By Anonymous User
Review Details
Reviewer has chosen to be Anonymous
Overall Impression: Good
Content:
Technical Quality of the paper: Good
Originality of the paper: Yes, but limited
Adequacy of the bibliography: Yes, but see detailed comments
Presentation:
Adequacy of the abstract: Yes
Introduction: background and motivation: Good
Organization of the paper: Satisfactory
Level of English: Satisfactory
Overall presentation: Good
Detailed Comments:
Thanks for clarifying the “LLM-only” baseline (my original comment 2) and the RAG with CoT setup (my original comment 4). My remaining concerns are my original comments 1 and 3, which I provide here with new comments:
“1. Introduction and related work: I think it may be worth first discussing the problems with cross-lingual information retrieval vs. the problems with retrieval from long documents separately, since they introduce different challenges and the existing methods for addressing these challenges are also different.”

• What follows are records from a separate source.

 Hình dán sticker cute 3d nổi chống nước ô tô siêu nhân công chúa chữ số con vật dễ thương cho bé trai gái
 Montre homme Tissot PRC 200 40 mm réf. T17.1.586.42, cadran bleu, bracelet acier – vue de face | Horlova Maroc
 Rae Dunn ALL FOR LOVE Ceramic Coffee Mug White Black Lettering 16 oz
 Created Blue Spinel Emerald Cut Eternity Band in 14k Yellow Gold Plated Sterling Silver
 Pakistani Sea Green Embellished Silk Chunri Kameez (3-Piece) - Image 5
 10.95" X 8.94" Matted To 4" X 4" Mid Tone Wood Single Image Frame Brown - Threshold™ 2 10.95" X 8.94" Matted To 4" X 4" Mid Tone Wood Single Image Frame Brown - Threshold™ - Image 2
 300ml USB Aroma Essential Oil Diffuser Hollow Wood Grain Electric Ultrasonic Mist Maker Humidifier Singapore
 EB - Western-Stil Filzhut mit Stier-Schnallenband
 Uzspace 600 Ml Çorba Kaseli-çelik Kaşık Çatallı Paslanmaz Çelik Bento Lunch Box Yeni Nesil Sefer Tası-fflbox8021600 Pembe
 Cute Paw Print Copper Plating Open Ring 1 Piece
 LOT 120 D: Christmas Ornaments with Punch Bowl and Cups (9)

Neither section has been changed much. Long contexts and CLIR each have its own line of work separately from the other that should be discussed in more detail and in a more structured way - e.g. a paragraph for each in the related work section before discussing any issues that arise from combining the two.
“3. CROSS: I have a bit of a hard time understanding how CROSS operates differently from existing cross-lingual RAG methods. I believe existing methods also embed chunks from the documents using multi-lingual embeddings and then retrieve the top k most similar chunks to the query. My understanding is that the contribution of the paper is mostly focused on the reasoning component NSAR, but it would be useful to explicitly mention which parts of the CROSS pipeline are novel. E.g., is the main difference the choice to embed sentences rather than longer chunks? If CROSS is considered one of the contributions of this paper, the retrieval accuracy needs to be evaluated against typical cross-lingual RAG systems (before the generation step), not just against using the LLMs without access to the source documents.”
The cover letter addresses this point: “We have clarified that CROSS is a RAG backbone specifically optimized for sentence-level granularity and massive scale (512k tokens), serving as the necessary prerequisite for the neurosymbolic module.”
a) If the main idea is that the chunks are at the sentence level, the novelty is very limited and other RAG chunking related work should be discussed (see many sentence-level RAGs here: https://arxiv.org/pdf/2312.10997).
b) What do you mean by “massive scale (512k tokens)”? I’m not sure what this number refers to.
Overall, I think the issues are minor and mostly have to do with framing - of CROSS as an algorithmic contribution (ignoring many RAG baselines in that case) and of these two problems as tied together (ignoring rich lines of work on each problem independently).